Hay un adagio que decimos sin pensarlo mucho, pero es tan cierto que asusta: “Dios perdona siempre, los hombres a veces y la naturaleza nunca”. Los creyentes sabemos que el amor es parte de la esencia de Dios y el amor perdona siempre. Los hombres somos capaces de amar y por tanto de perdonar y en eso nos parecemos un poco a Dios. La naturaleza, en cambio, tiene leyes inexorables que se cumplen a rajatabla. Es cierto que Dios las podría suspender, pero no lo hace porque para algo las puso: visto así, los milagros son contrarios a las leyes que Dios estableció para que se cumplan, pero de vez en cuando muestra que puede caminar sobre el agua o hacer que las vacas vuelen.

Otro dicho se atribuye a los sabios de la Universidad de Salamanca en tiempos de Cristóbal Colón: “Lo que la naturaleza no da, Salamanca no lo presta”. La frase se aplica a los estudiantes, a quienes les aclara que si la naturaleza no los dotó con inteligencia, los sabios no podrán hacer nada por ellos, como tampoco pensaban demostrar si la tierra era esférica como una pelota o plana como una pizza.

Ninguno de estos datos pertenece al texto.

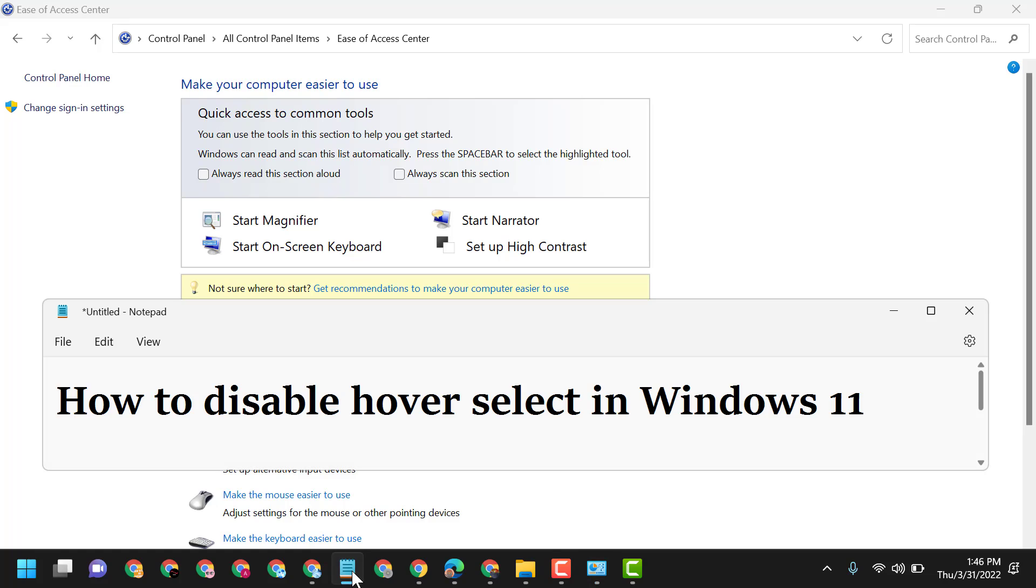you can disable hover select in Windows 11. Thanks for watching! Please comment if this video was useful, and share, like, and subscribe to this channel for more useful videos.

La admiración por la naturaleza hace que nos sintamos espectadores ajenos y lejanos del canal Nat Geo. Y no es así: los humanos somos parte de la naturaleza, cien por cien animales, racionales pero animales al fin. Somos blancos, negros, amarillos, marrones, petisos, viejos, jóvenes, gordos, flacos, altos, rubios, crespos, peludos lampiños, pelirrojos, morochos, orejudos, narigones... pero somos todos de una sola especie de animales inteligentes y libres que habitamos todos los climas, las alturas y bajuras, las longitudes y latitudes; andamos por tierra, por agua y por aire hasta salir al espacio sideral. Somos depredadores capaces de degradar la naturaleza o conservadores incapaces de matar un mosquito. Somos los amos y señores de la creación, pero somos parte de ella y no nos podemos salir por más libertad que tengamos. La naturaleza cuenta con nosotros, convive con nosotros, se defiende de nosotros, se sirve de nosotros, nos regala sus frutos, nos enferma y nos cura, nos parasita y nos mata... y la tierra termina engulléndonos como a todos los animales y vegetales de la creación.

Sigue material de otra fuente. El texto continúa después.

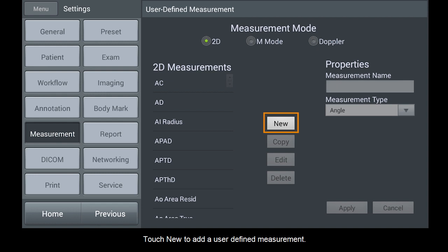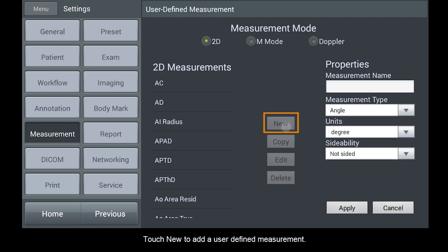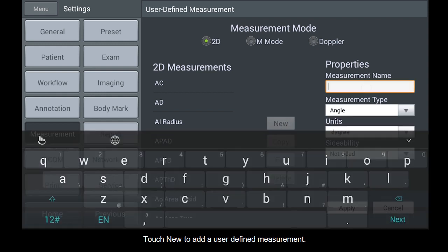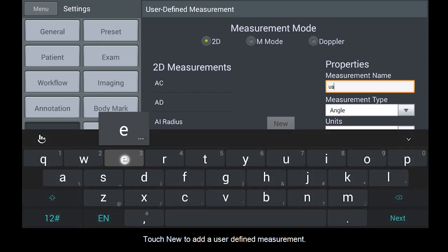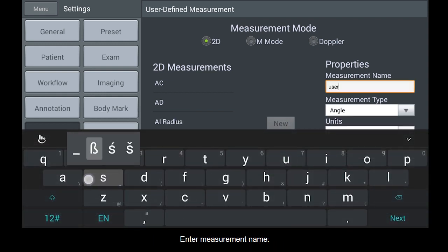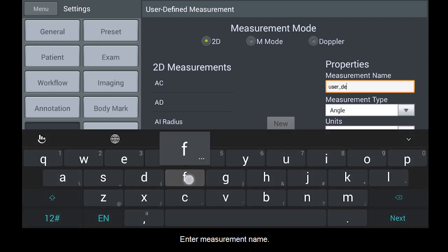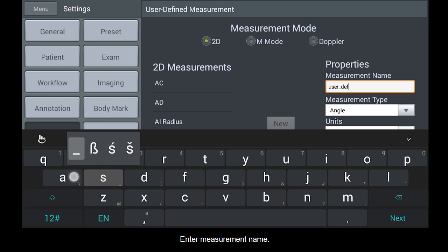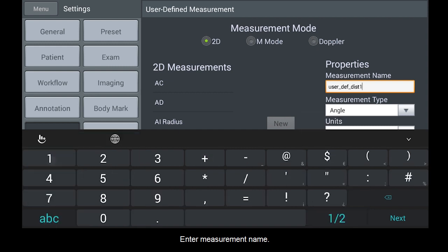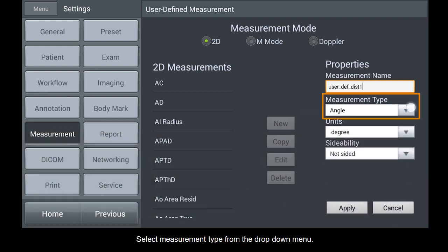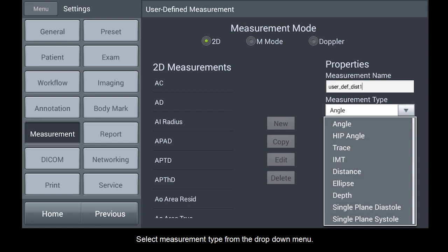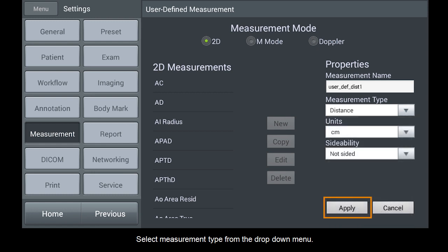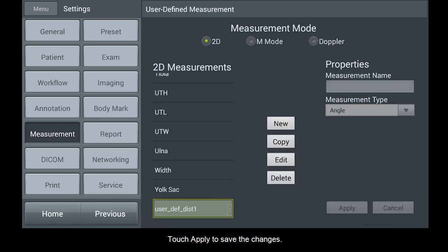Touch New to add a user defined measurement. Enter measurement name. Select Measurement Type from the drop-down menu. Touch Apply to save the changes.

Hoy más que nunca sentimos esa realidad. Seremos los amos y señores, pero también somos incapaces de ganarle a un virus invisible que ni siquiera sabemos si es animal, vegetal o mineral. Llevamos meses dándole vueltas a la rosca de la cuarentena porque lo único a que atinamos es a escondernos en la caverna hasta que pase la peste. Hemos avanzado mucho pero no hemos avanzado nada, estamos igual que hace dos millones de años y también igual que hace cinco meses, siempre contando el cuento de la buena pipa.

La naturaleza nos está dando una lección que olvidaremos enseguida, cuando volvamos a creernos sabiondos y todopoderosos: la soberbia nos convirtió en el único animal que tropieza dos veces con la misma piedra. Creemos que lo sabemos todo y no sabemos ni lo suficiente para enfrentar a un virus que ni tiene cerebro ni piensa. Somos tan poca cosa y a la vez nos la creemos tanto que nos hemos convertido en inexplicables. (O)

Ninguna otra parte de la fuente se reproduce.